### REQUIRED WORK
Exactly as written, output the lines below starting from the first and ending with the line that contains "CALANDRE NOIR BRILLANT"; omit pictures.
-- -- --
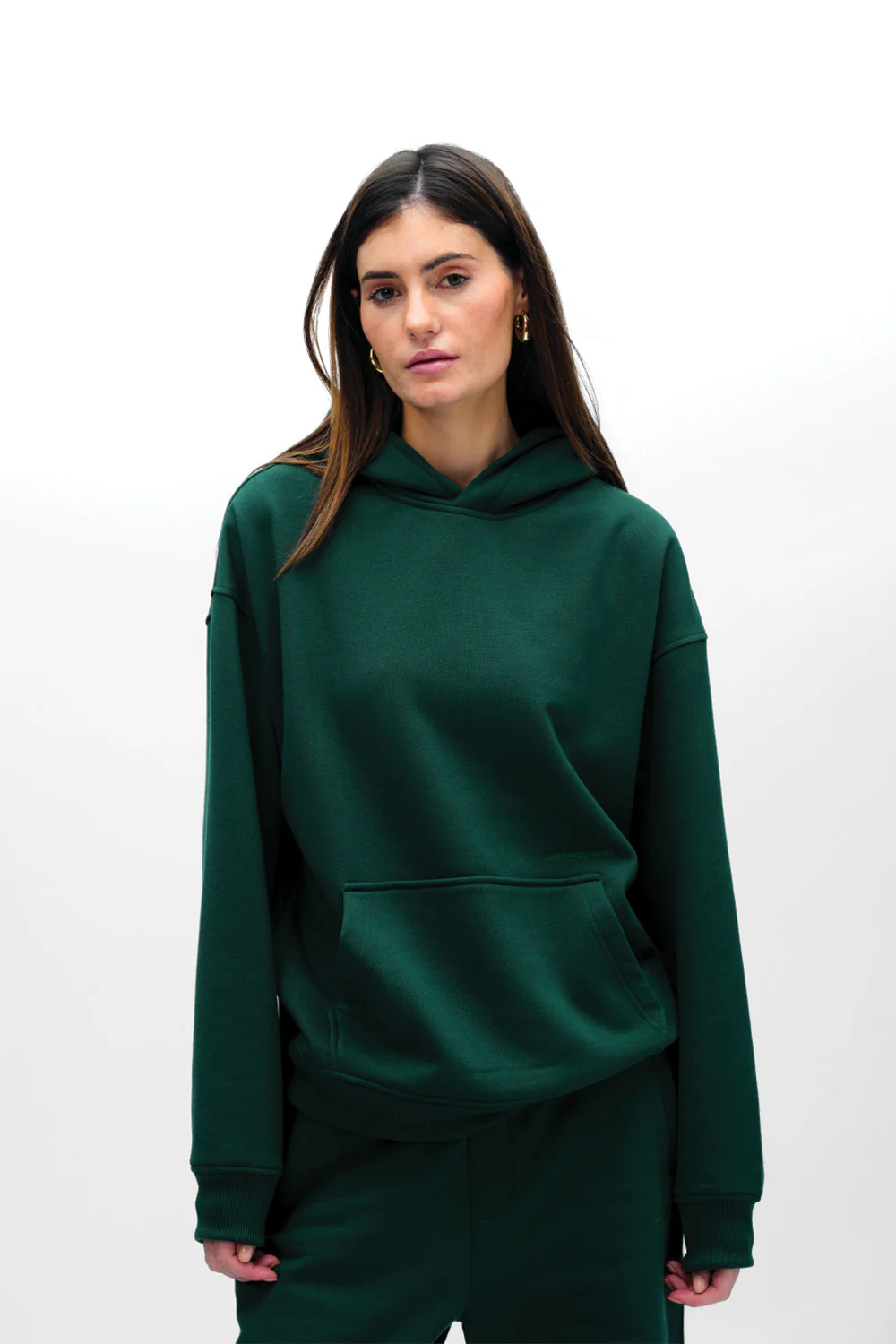 Bottle Green Wear A Hug Oversized Hoodie - Image 3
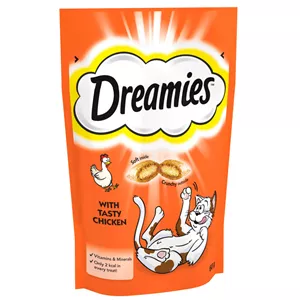تشویقی گربه دریمیز با طعم مرغ(Dreamies Cat Snack with Chicken)وزن 60 گرم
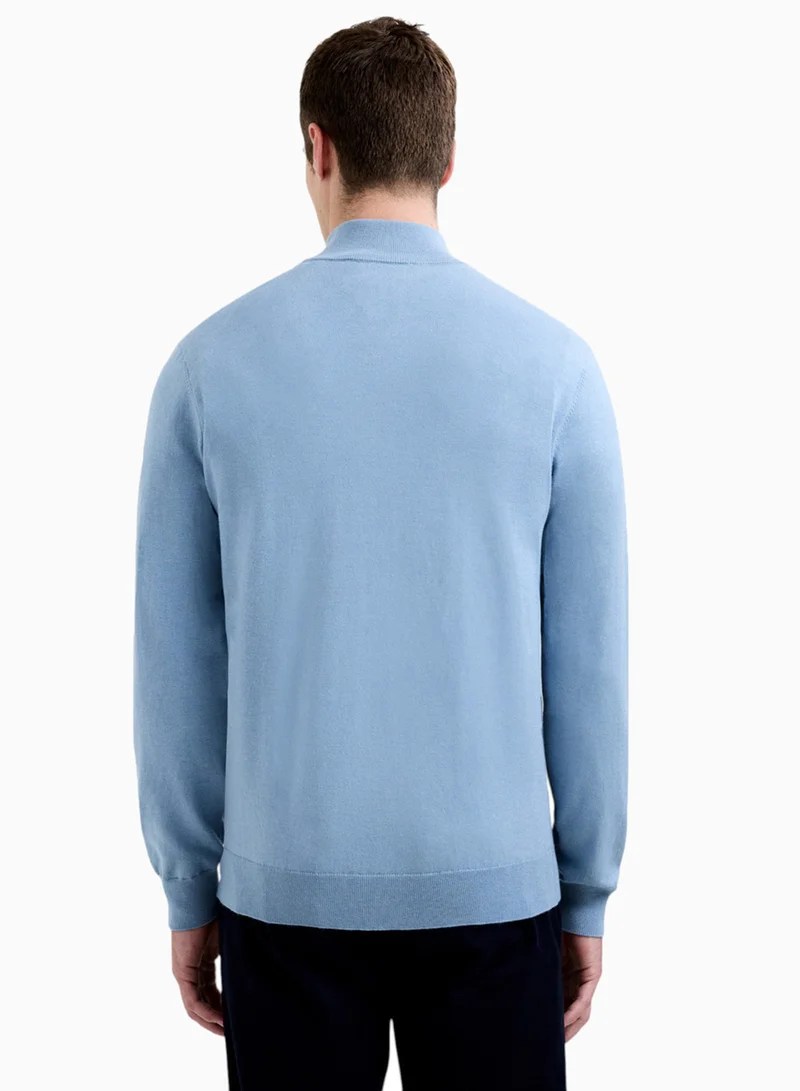 فرنش كونكشن Half Zip Knitted Jumper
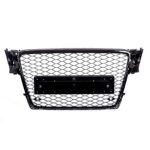 CALANDRE NOIR BRILLANT LOOK RS4 POUR AUDI A4 B8 PHASE 1 DE 12/2007 A 10/2011 – Image 5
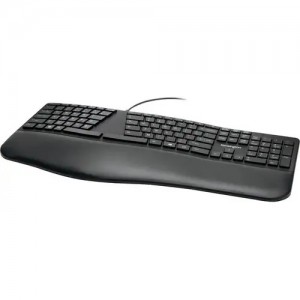 Kensington K75400US PRO FIT ERGONOMIC WIRED KEYBOARD - BLACK - Image 1
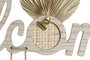 DKD Home Decor Marco Multifoto Cozy boho 22 Natural Multicolor Mdf Colgante 37 x 50 x 1.2 cm (6 Unidades)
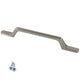 Maniglia per Mobili U098 Acciaio Spazzolato - 96mm (Lunghezza totale 163mm)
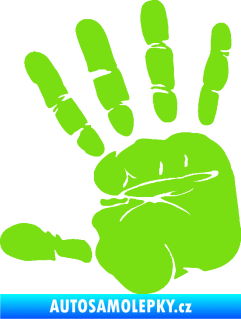 Samolepka Otisk ruky levá zelená kawasaki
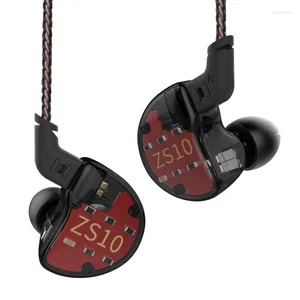 Écouteurs intra-auriculaires hybrides 1DDHybrid, casque d'écoute pour Sport, suppression du bruit, avec câble à 2 broches, KZ ZSX AS10 ZSN PRO ZSTX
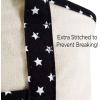 imageDALIX 22quot Shopping Tote Bag Heavy Cotton Canvas Zippered Navy Blue AnchorBlack Star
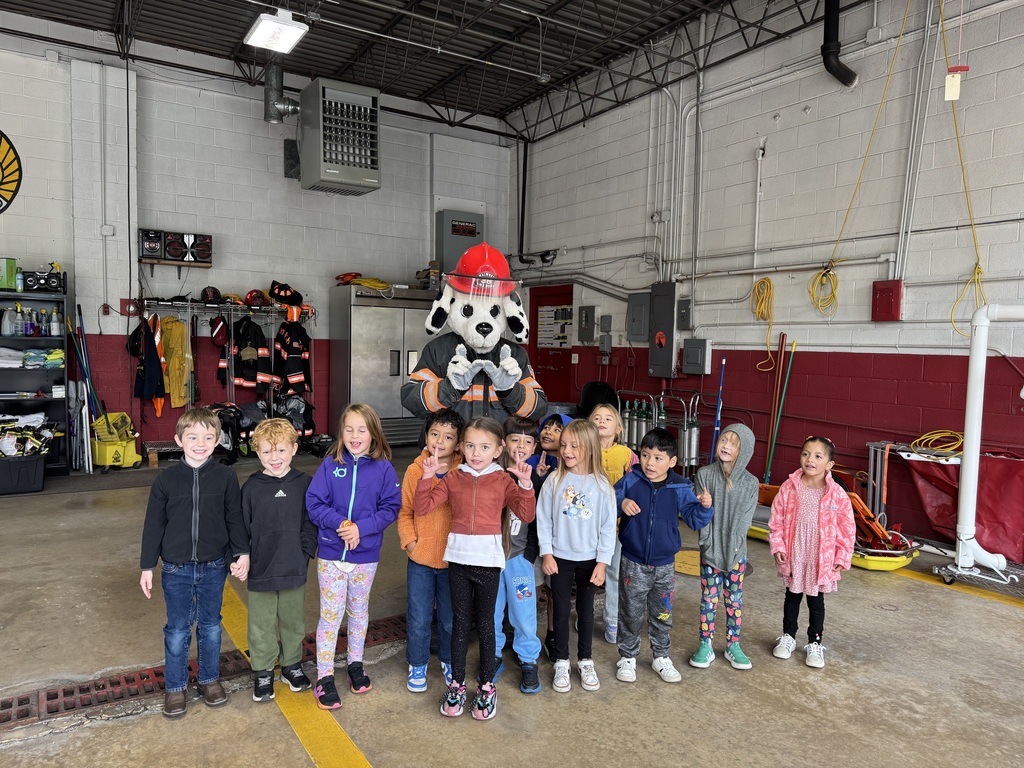 Students with Sparky.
-- -- --
### YOUR RESPONSE
 Bottle Green Wear A Hug Oversized Hoodie - Image 3
تشویقی گربه دریمیز با طعم مرغ(Dreamies Cat Snack with Chicken)وزن 60 گرم
 فرنش كونكشن Half Zip Knitted Jumper
 CALANDRE NOIR BRILLANT LOOK RS4 POUR AUDI A4 B8 PHASE 1 DE 12/2007 A 10/2011 – Image 5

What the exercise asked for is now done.